Rivaldo contamina el paraíso
El engaño del brasileño, por insignificante que parezca, provoca un rechazo generalizado en Corea y Japón, donde el fútbol todavía se concibe como un territorio virgen de miserias
Una peculiaridad de este Mundial es que se juega en un territorio incontaminado por muchos de los peligros que acechan al fútbol. Puede sonar extraño a los oídos de un europeo o un suramericano, pero aún hay lugares donde el juego parece preservar una pureza ingenua, probablemente porque son países nacientes a un fenómeno que es parte sustancial de nuestra cultura desde hace un siglo. Resulta sencillo aceptar el deterioro de las cosas cuando se convive con ellas. A veces ni se percibe el manoseo porque la tolerancia con el cinismo nos vuelve poco escrupulosos. Con todo el vigor que pueda tener el fútbol como espectáculo, su estado ha sufrido una degradación en casi todos los órdenes. Es parte de la perversión aceptar el largo capítulo de miserias que lo invade. Como si nada pudiera escapar a este tolerado hedor, se ha enfangado de arriba abajo. Arriba, la FIFA se desacredita con la quiebra de su asociada empresa ISL o con el borroso caso Blatter. Desde ahí, desde la cima, se desciende por una pendiente deshonesta. Es el tiempo bizantino de la codicia, de las comisiones, del robo manifiesto, de la preponderancia de los intereses ajenos al fútbol, de los excesos que han generado una elefantiasis en los salarios o el calendario, como si este invento pudiera resistir todos los castigos.
En este clima inmoral, la Copa del Mundo experimenta una especie de retorno al paraíso. Puede que se vea a Corea del Sur y Japón como dos países advenedizos, alimentados por una cultura futbolística artificial, meros artefactos comerciales de un negocio que necesita nuevos mercados. Cualquiera que sea el prejuicio, no impide destacar aspectos que aquí aún están preservados: la pasión inocente de los aficionados, su asombro ante las posibilidades creativas del fútbol, su genuino clima festivo, el desinterés por lo torvo que tantas veces acompaña al juego, la relajada sensación de que un partido no convoca a la violencia. Todo eso es un patrimonio maravilloso del que aún se puede disfrutar en Corea y Japón. Sólo por ello produce vergüenza cualquier exportación de los peores defectos del fútbol a este territorio feliz.
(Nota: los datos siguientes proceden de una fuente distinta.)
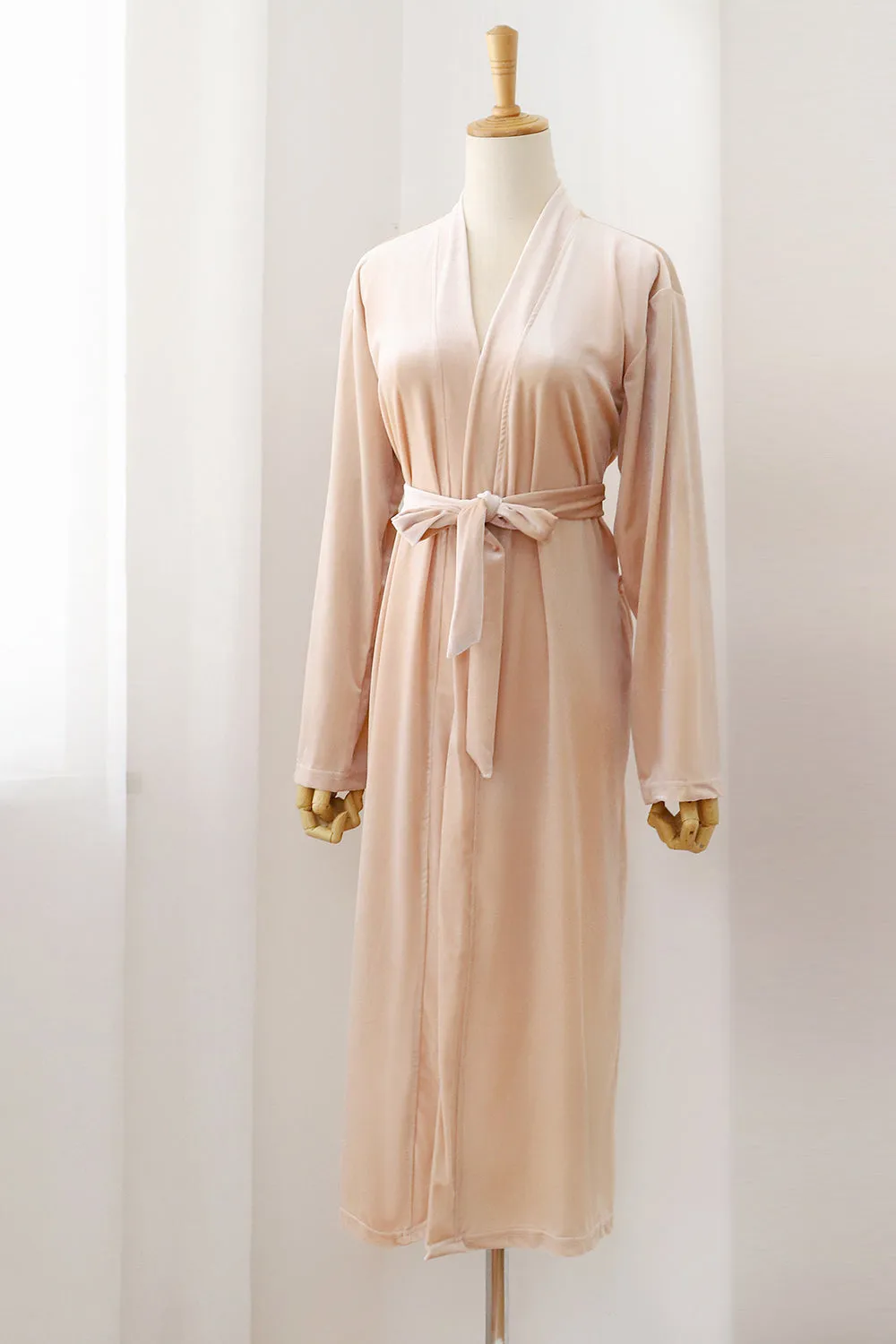 Burgundy Velvet Bride and Bridesmaid Tea Length Robe sold by Zapaka product image thumbnail 3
La penosa bufonada de Rivaldo pertenece a la categoría de lo que lamentablemente se digiere en nuestro fútbol y, sin embargo, resulta indecente en un ámbito de moralidad. Sin saberlo, su engaño no se circunscribe a una simulación, por fea e intolerable que parezca. El caso alcanza el valor de la metáfora: el engaño de Rivaldo, por insignificante que parezca, representa lo que tiene de odioso el fútbol que nos hemos acostumbrado a consumir. En otro Mundial, en los países de la vieja cultura del juego, sólo habría afectado a la responsabilidad moral de Rivaldo. Aquí supone eso y mucho más: es el grosero intento de contaminar un territorio virgen de miserias. De ahí, el abrumador rechazo que ha merecido su acción. Es el rechazo al que pretende quebrar algo parecido a la amable naturaleza del fútbol, que es como afortunadamente se siente en estas latitudes.